Ekonominin hayatiyet kazanmasını sağlayacak olan sosyal, psikolojik güven ortamının temin edilmesi lazım; bu ön şart. Ekonomik kararlar alırken ise, o kararların rasyonel bir zemine ve objektif verilere dayanması lazım. Bu anlamda birbirleriyle tutarsız veya birbirini tamamlamayan, bir söylediğini veya bir yaptığını nakzeden (bozan) söylem veya uygulamalar tek tek doğru olsa bile toplamda ekonomik krizin çözülmesine katkıda bulunmaz. Serbest piyasa ekonomisi bir temel parametre olarak kabul edilmişse, o parametreler içinde alınması gereken rasyonel kararlar alınmalı. Gelir dağılımında ortaya çıkabilecek çarpıklıklar veya yanlışlıklar, eksiklikler ise sosyal adalet ilkeleri çerçevesinde tahkim edilmeli. Ama ekonominin o rasyonel zemini hiçbir zaman terk edilmemeli.”

“Ekonomide bir kriz olgusunun var olduğunu görerek bir kriz yönetimi uygulamamız gerekir”
“Şimdi bizim o gayrisafi milli hasılamızı her yıl yüzde 10’lara kadar çıkardığımız dönemlere bakıldığında hem içerideki siyasi istikrar ve demokratik hukuk devleti kurallarının işleyişi, hem de dünya ekonomisine entegrasyon bağlamında çok önemli adımların atıldığı yıllar olduğunu görürüz. Şimdi de yapılması gereken, birilerinin öngördüğü gibi ekonomi içe kapanarak bu krizi çözmek değil aksine Türk girişimcisine güvenerek ekonomiyi alabildiğine dünya standartlarında rekabete açarak bu krizi aşabiliriz. Ama her şeyden önce de ekonomide bir kriz olgusunun var olduğunu görerek bir kriz yönetimi uygulamamız gerekir.”
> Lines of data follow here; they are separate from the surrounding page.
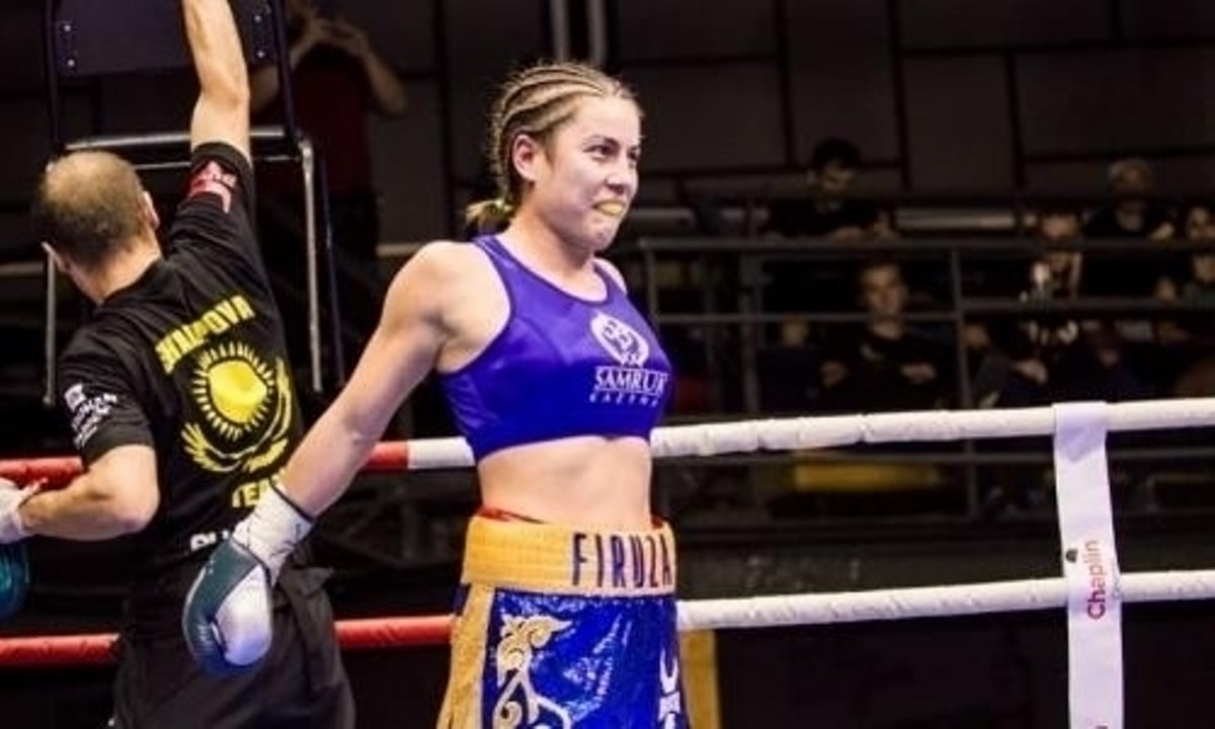 Фируза Шарипова нокаутом выиграла десятый бой в карьере в академии Мэйвезера в Москве 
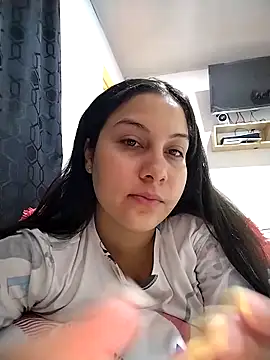 esmeralda jadees online show from 7, 5, 2026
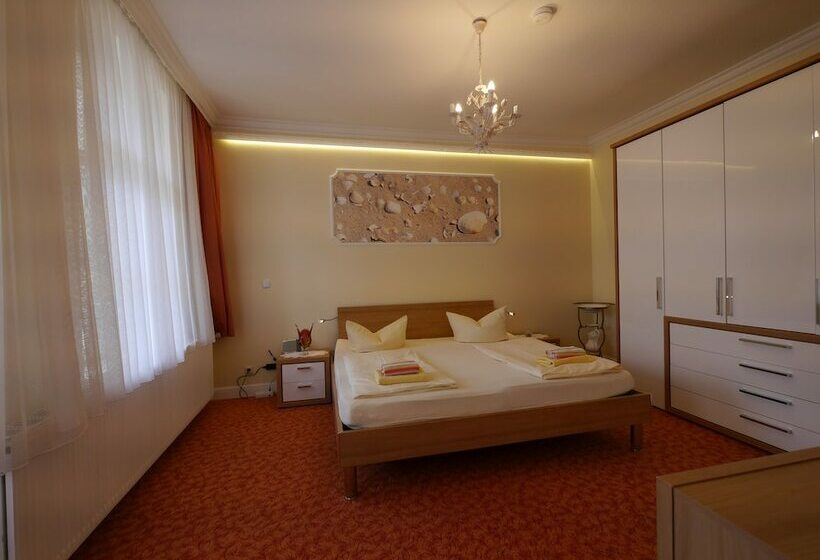 آپارتمان 1 خوابه, Pension Mittag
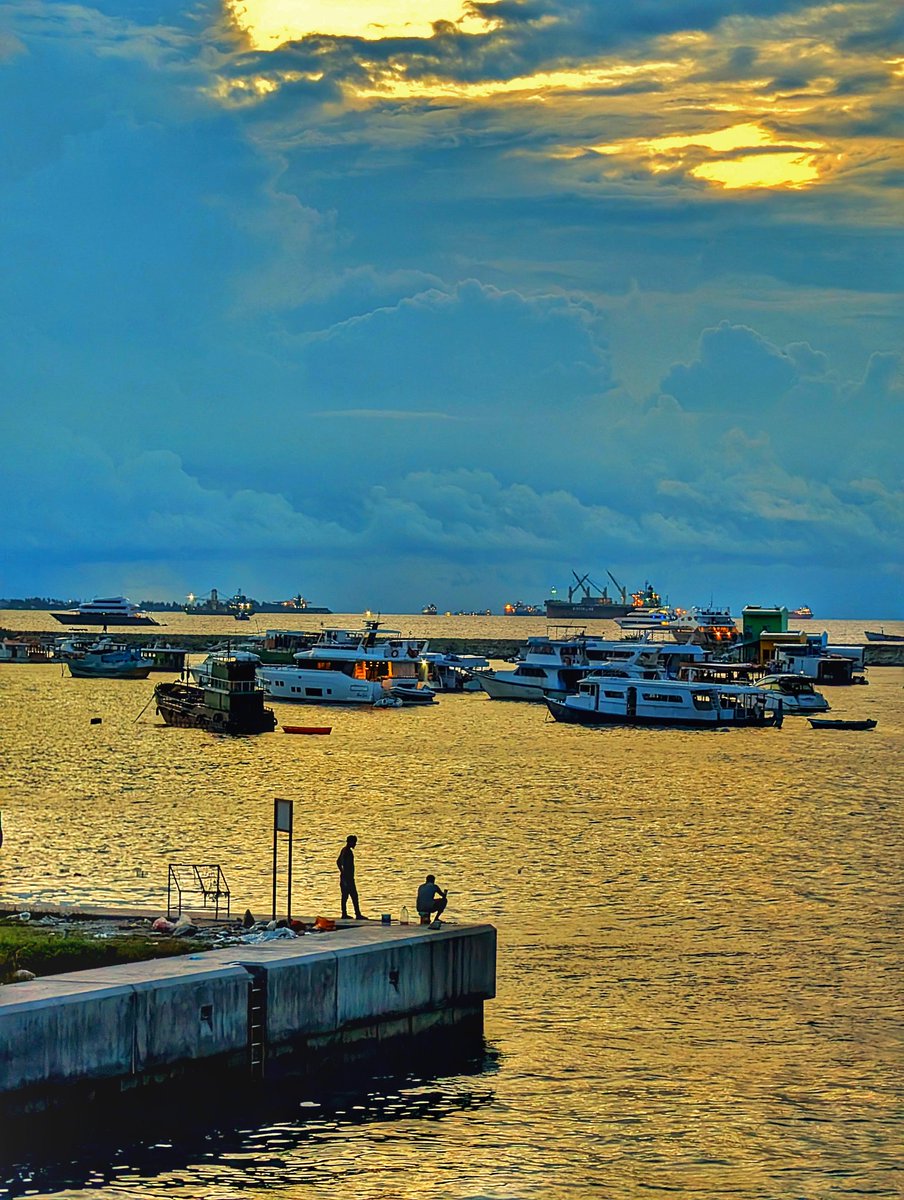 Pier Fishing @ Sunset 
1. Huawei P60 Pro
2. Google Pixel 8 Pro

#Maldives #visitMaldives #sunset #sunrise #goldenhour #island #photography #travel #Google #Huawei #TeamPixel #CapturedOnHuawei #Pixel8Pro #TravelWithHUAWEIP60Pro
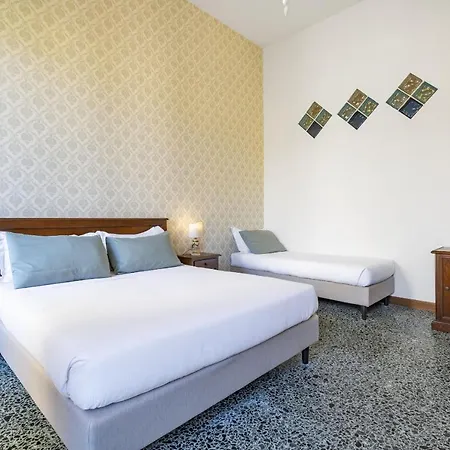 Residenza Centopietre - Dorsoduro By Wonderful Italy Venice Exterior photo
“AB ile vize muafiyeti konusu süratle çözülmeli”
“Avrupa Birliği ile son dönemde tekrar gündeme gelen vize muafiyeti konusu süratle çözülmeli. Bunun sadece bizim vatandaşlarımızın Avrupa’ya serbest ve rahat hareket edebilmeleri açısından önemi yok, Türk ekonomisinin buna çok büyük ihtiyacı var. Bugünkü ekonomik tıkanmamızı aşacak en önemli şey, Türk girişimcilerin, Türk malının bütün dünya sathında serbestçe dolaşımını sağlamaktır. Nitekim 2008 ekonomik krizini aşmamızda en büyük zemin, o dönemde vize muafiyetleriyle, yaygın vize muafiyeti politikalarıyla dünyanın her yerine Türk girişimcilerimizin hayat alanını genişletmek olmuştu. Şimdi de Avrupa Birliği ile vize muafiyeti ve Gümrük Birliği revizyonu mutlaka yapılmalı.”